═══ Exercise data

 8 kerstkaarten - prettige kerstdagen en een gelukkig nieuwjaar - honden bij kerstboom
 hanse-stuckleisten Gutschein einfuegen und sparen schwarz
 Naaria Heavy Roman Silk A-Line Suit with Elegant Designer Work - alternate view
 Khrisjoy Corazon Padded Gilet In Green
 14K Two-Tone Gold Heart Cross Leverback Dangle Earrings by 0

══════

The line containing "Naaria Heavy Roman" marks where to begin; the last line of the records marks where to stop. Copy both and all between, exactly.

 Naaria Heavy Roman Silk A-Line Suit with Elegant Designer Work - alternate view
 Khrisjoy Corazon Padded Gilet In Green
 14K Two-Tone Gold Heart Cross Leverback Dangle Earrings by 0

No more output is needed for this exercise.